March 19 (Reuters) - Australian shares traded flat on Tuesday, as elevated commodity prices boosted miners, offsetting losses in heavyweight financials, while investors keenly awaited the country's central bank's key policy decision due later in the day.

The S&P/ASX 200 index held steady at 7,673.2 by 2342 GMT. The benchmark ended 0.1% higher on Monday.

The Reserve Bank of Australia (RBA) will announce its cash rate later in the day, where it is anticipated to hold rates steady.

The central bank board has not seen enough to push them off a tightening bias, but the RBA will shift to neutral in May following the first-quarter inflation print, ANZ analysts wrote.

The U.S. Federal Reserve will likely keep rates unchanged at 5.25-5.5% when it ends its policy meeting on Wednesday, and investors expect the Fed to begin cutting rates by June or July.

Back in Sydney, miners led the gains, rising 0.5%, as iron prices rebounded on positive data from top consumer China.

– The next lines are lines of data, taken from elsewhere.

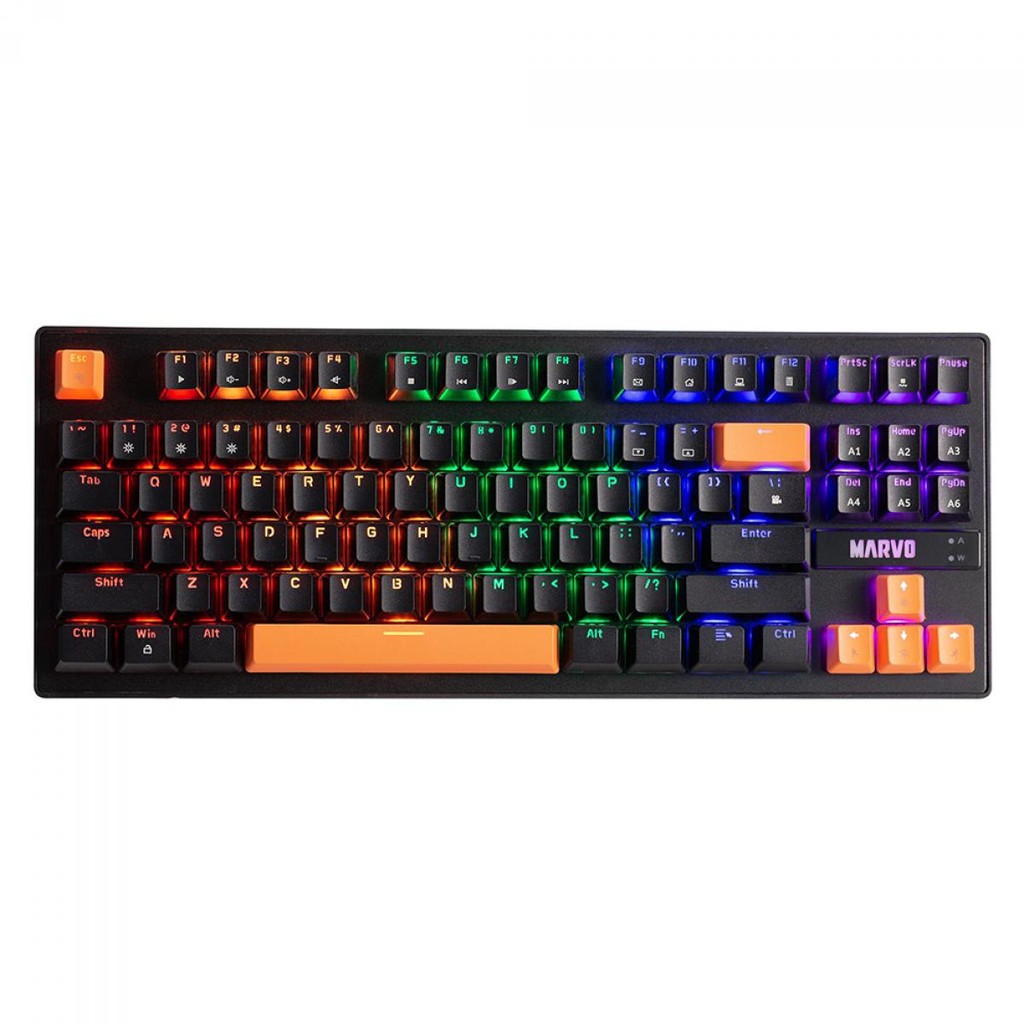 Teclado Mecânico Gamer Marvo KG901C, RGB, Switch Blue, ANSI, Black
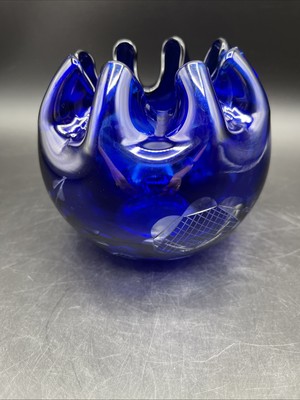 Vtg Cut To Clear Cobalt Blue Ruffle Crystal Art Glass Rose Bowl Czech Bohemian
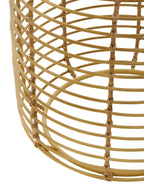 Natural Round Hand Woven Rattan Top Side Table with Gold Finish Cage Base | Trento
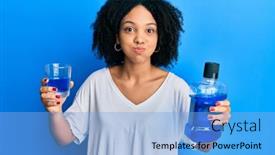  Presentation with puffing - Colorful presentation design enhanced with young-african-american-girl-holding backdrop and a light blue colored foreground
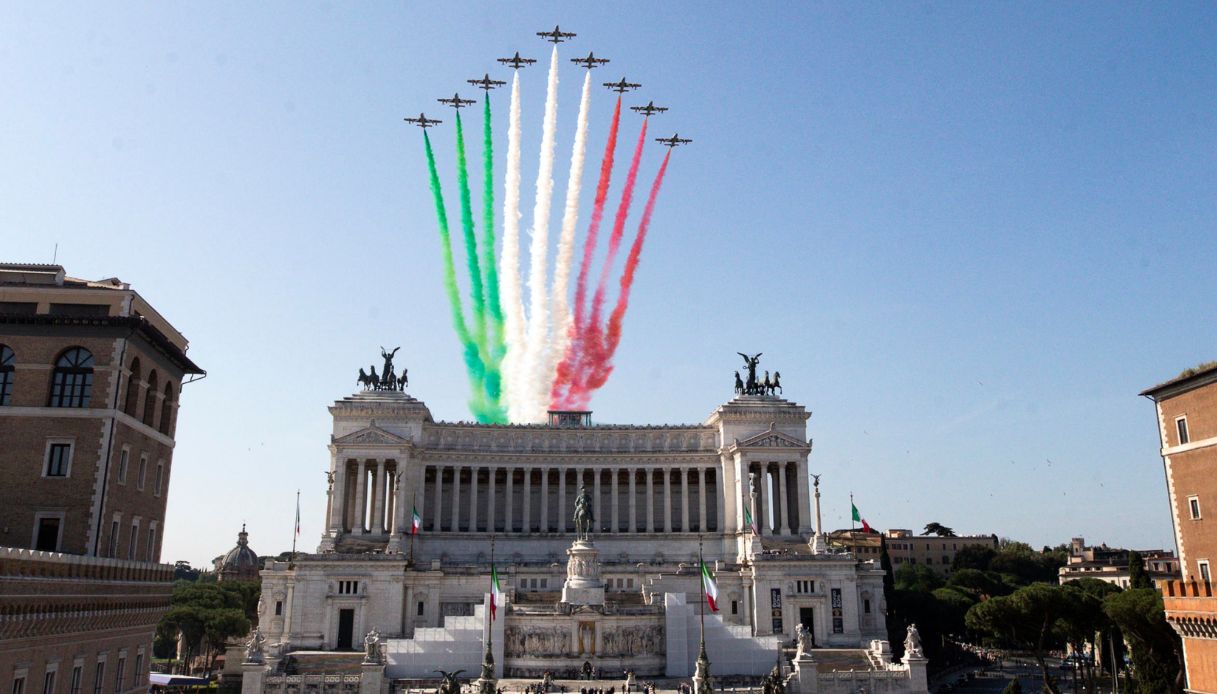 Frecce Tricolori all'Altare della Patria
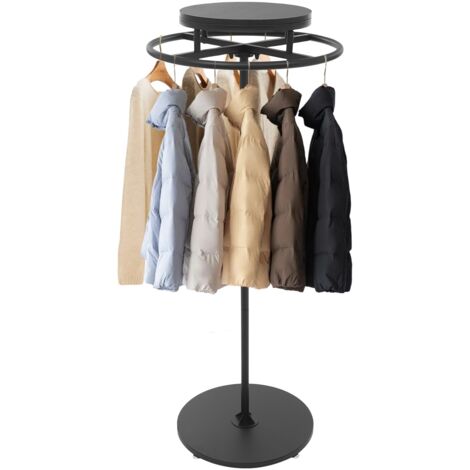 Porte-vêtements rond, porte-vêtements sur pied noir pivotant, présentoir de vente au détail pour vêtements, pour chambre à coucher, boutique ou magasin commercial (1/5)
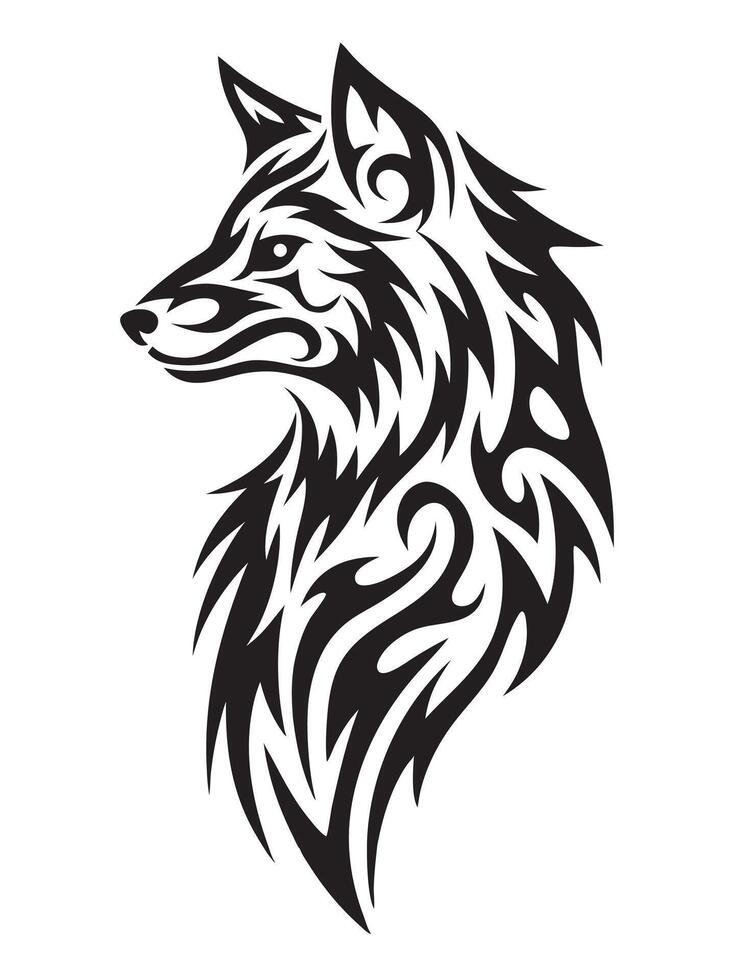 Powerful Wolf Head Tribal Tattoo with Fierce Expression and Abstract Linework vector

Mining giants BHP Group, Rio Tinto and Fortescue climbed between 0.7% and 0.8%.

Rate-sensitive real estate stocks rose 0.5%, recovering some of their losses from Monday. Mirvac Group gained 0.9% and Dexus added 0.3%.

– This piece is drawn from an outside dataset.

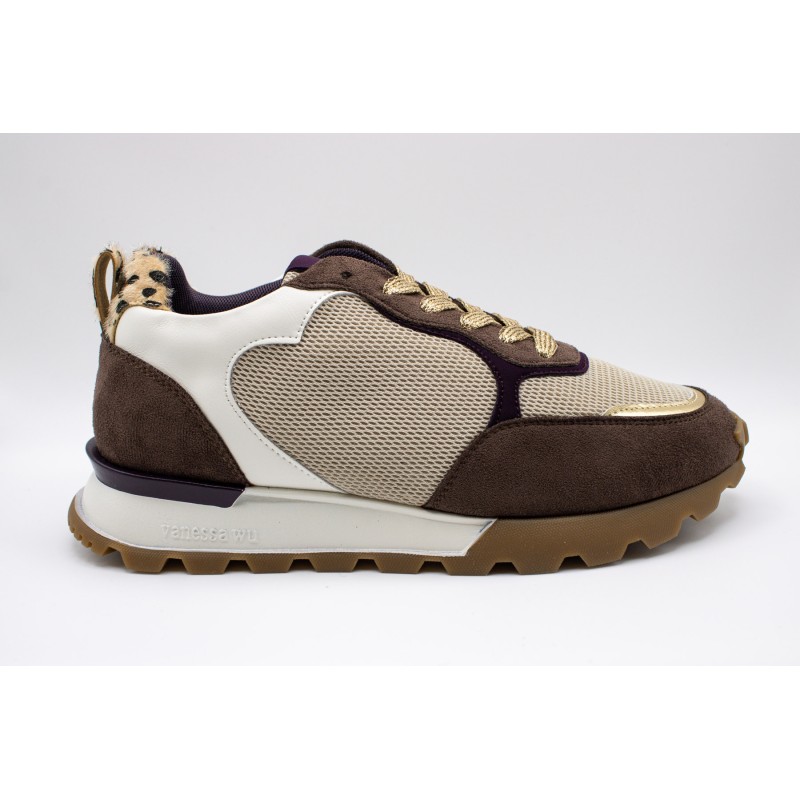 Vanessa Wu Capucine BK2707 Marron – Baskets Femme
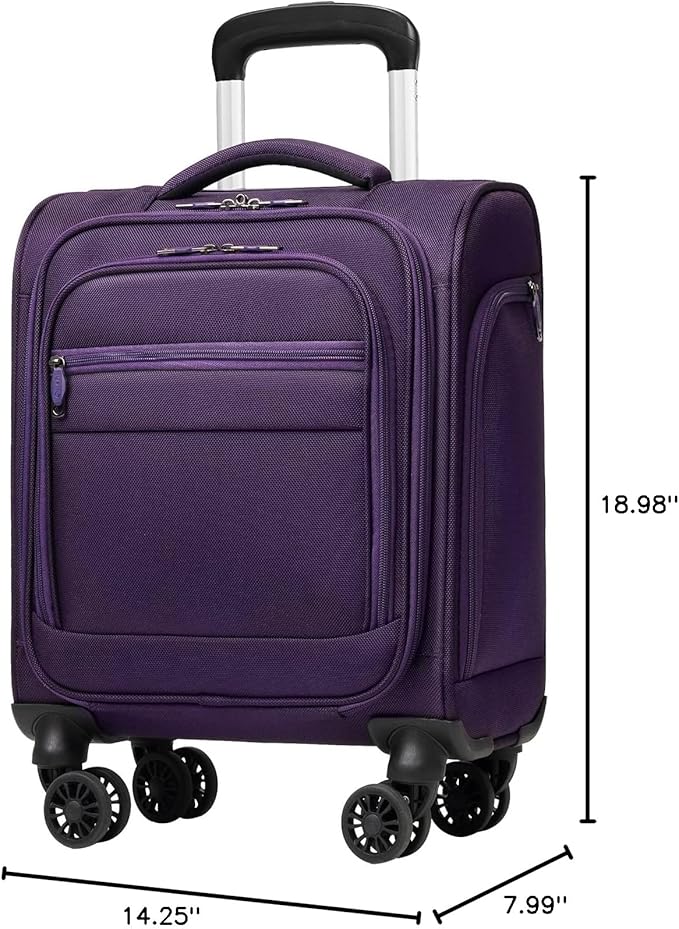 Coolife Underseat Carry On Luggage Suitcase Softside Lightweight Rolling Travel Bag Spinner Suitcase Compact Upright 4 Dual Wheel Bag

Energy stocks tracked soaring oil prices to trade 0.6% higher.

Sector majors Woodside Energy and Santos rose 1.1% and 0.8%, respectively.

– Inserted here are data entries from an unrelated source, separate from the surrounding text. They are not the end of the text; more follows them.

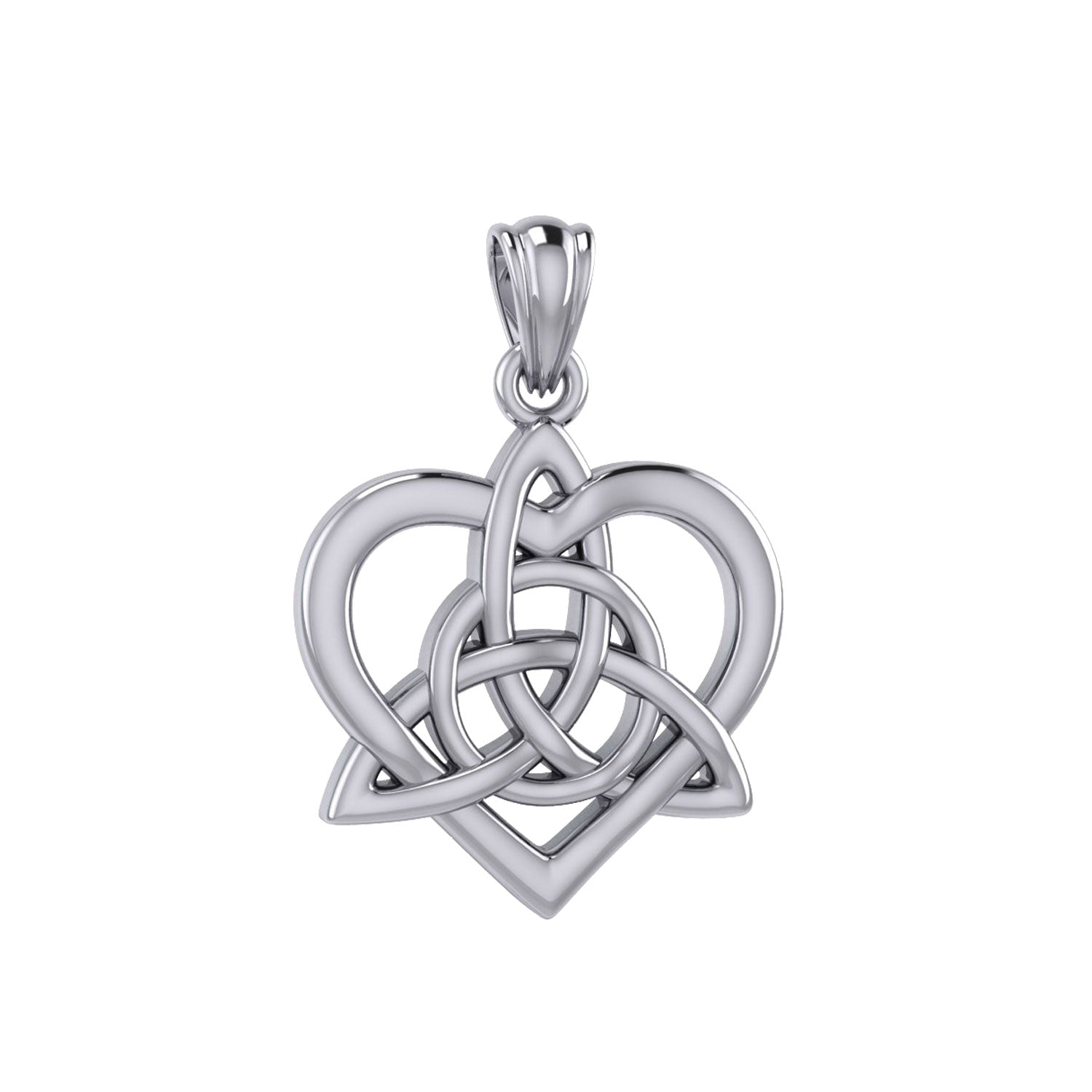 Celtic Flowing Heart Triquetra Sterling Silver Pendant – Graceful Symbol of Love and Unity by Peter Stone Jewelry TPD6215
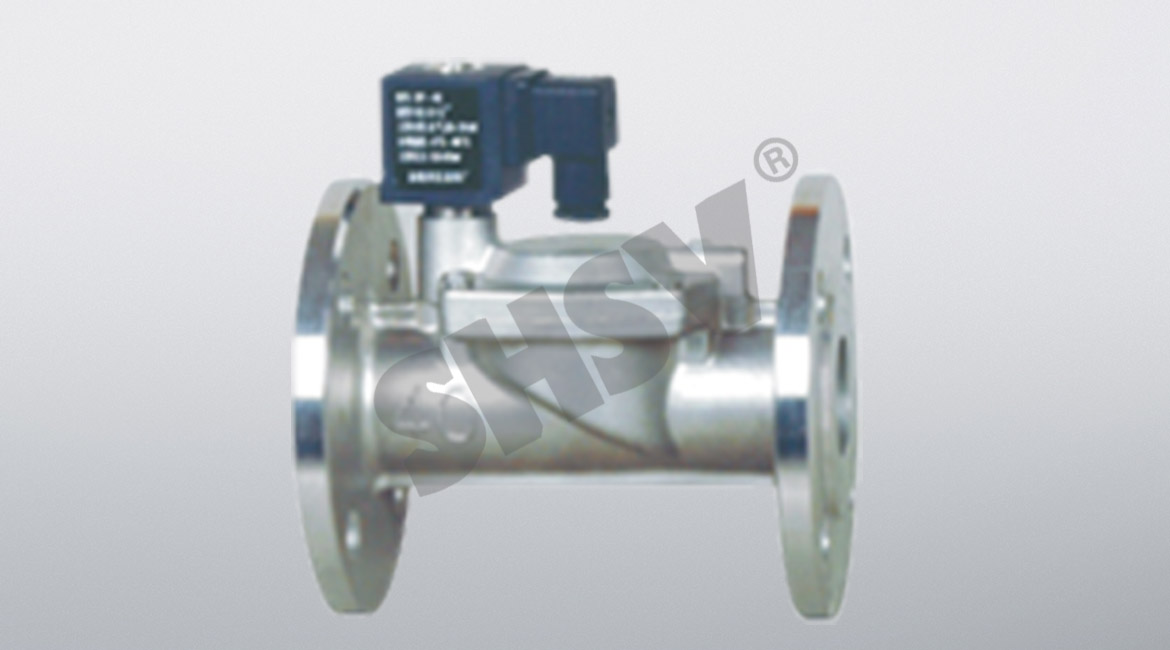 Flanged large diameter liquid, gas solenoid valve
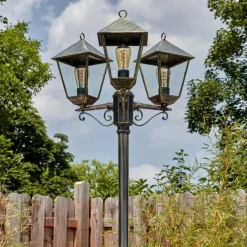 Luminaires Rustiques-hofstein Anfei Luminaire extérieur, Réverbère, Eclairage de chemin Or, Noir, 3 lumières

Bucking the trend, heavyweight financials retreated 0.3%, with the "Big Four" banks trading in the red.

Boral lost as much as 1.6%. The construction materials firm recommended its shareholders to reject Seven Group Holdings' A$1.9 billion ($1.25 billion) buyout offer on valuation concerns.

New Hope Corp advanced as much as 4.1%, after the thermal coal miner announced a better-than-expected dividend for the half year.

New Zealand's benchmark S&P/NZX 50 index rose 0.2% or 20.5 points to 11,748.51.